Task item
Would you please restate the data exactly as it stands, apart from the pictures?
==== Provided material ====
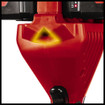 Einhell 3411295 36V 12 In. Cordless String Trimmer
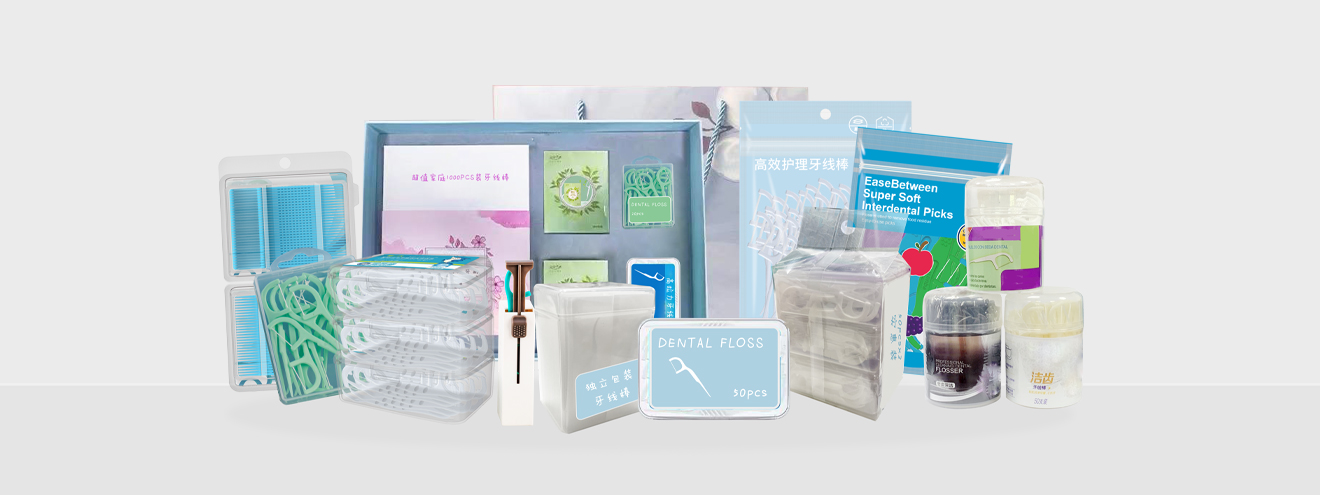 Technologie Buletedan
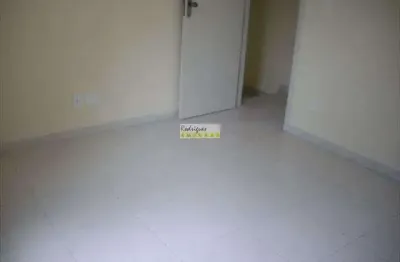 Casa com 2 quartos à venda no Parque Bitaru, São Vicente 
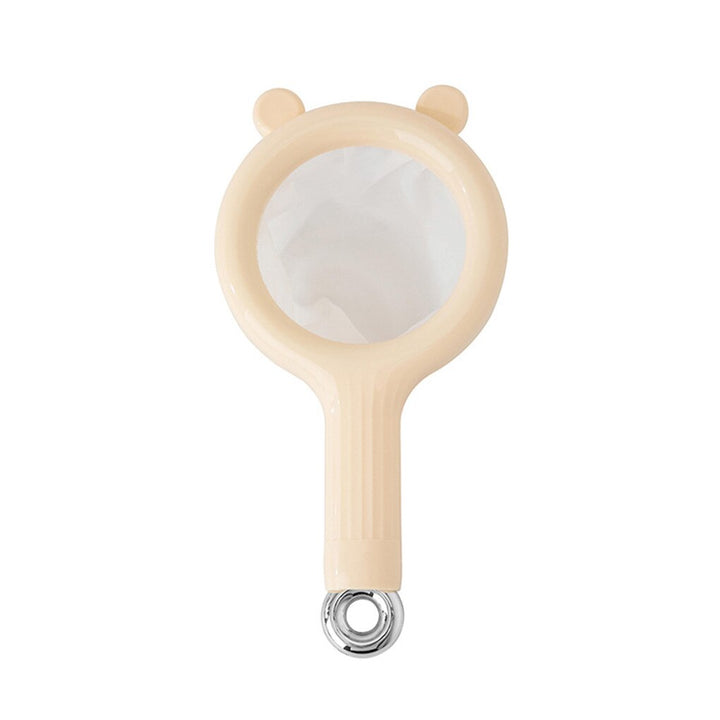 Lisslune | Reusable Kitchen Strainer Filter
====
Solution below
 Einhell 3411295 36V 12 In. Cordless String Trimmer
 Technologie Buletedan
 Casa com 2 quartos à venda no Parque Bitaru, São Vicente 
 Lisslune | Reusable Kitchen Strainer Filter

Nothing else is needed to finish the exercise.